What you are asked to do:
Locate "Columbia Pilot Peak 5 Pocket Pant - Men's" in the records below, then copy its line and every following line exactly, without the pictures.

Top of Material to process

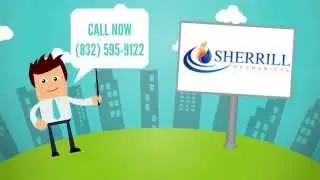 Sugar Land AC Repair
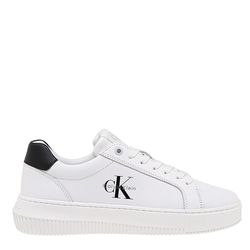 Calvin Klein Ανδρικό Sneaker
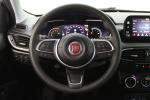 fiat-tipo-station-wagon-2022-diesel-1248cc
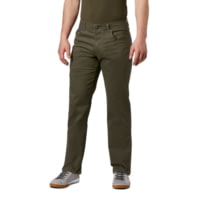 Columbia Pilot Peak 5 Pocket Pant - Men's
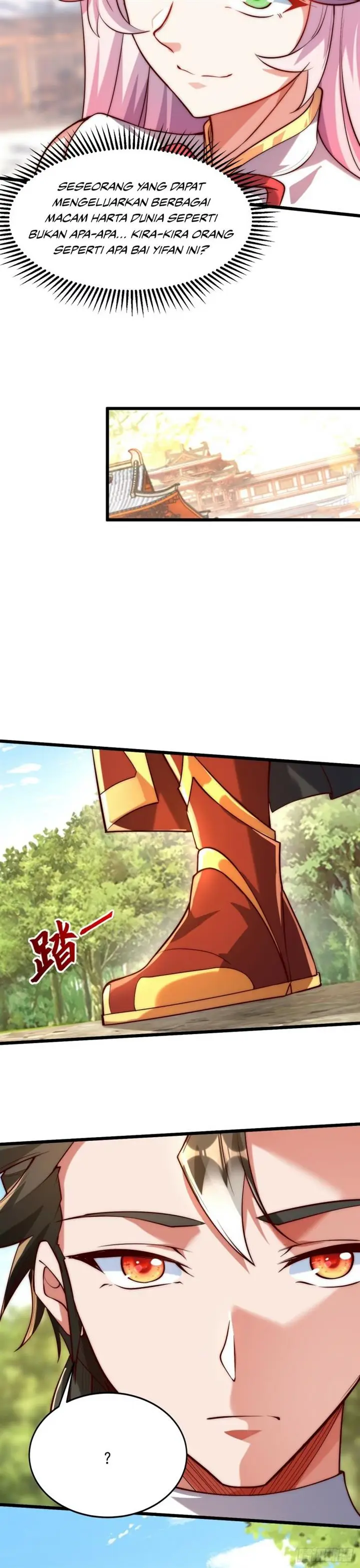 image-komik-i-scared-the-divine-lord-as-i-handed-over-the-ancient-immortal-pill-chapter-2-17/25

Bottom of Material to process

Your solution:
 Columbia Pilot Peak 5 Pocket Pant - Men's
 image-komik-i-scared-the-divine-lord-as-i-handed-over-the-ancient-immortal-pill-chapter-2-17/25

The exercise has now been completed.